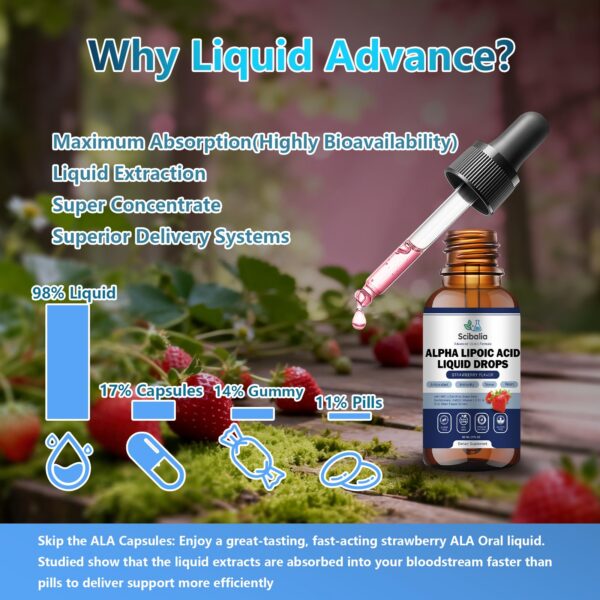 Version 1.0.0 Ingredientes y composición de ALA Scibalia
* * *
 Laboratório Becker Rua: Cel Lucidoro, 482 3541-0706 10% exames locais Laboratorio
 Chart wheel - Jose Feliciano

Task requirements.
What are the lines, exactly as written above, from the line with "Laboratório Becker Rua: Cel" to the line with "Chart wheel - Jose Feliciano", both included? Output only those.

Result of this exercise.
 Laboratório Becker Rua: Cel Lucidoro, 482 3541-0706 10% exames locais Laboratorio
 Chart wheel - Jose Feliciano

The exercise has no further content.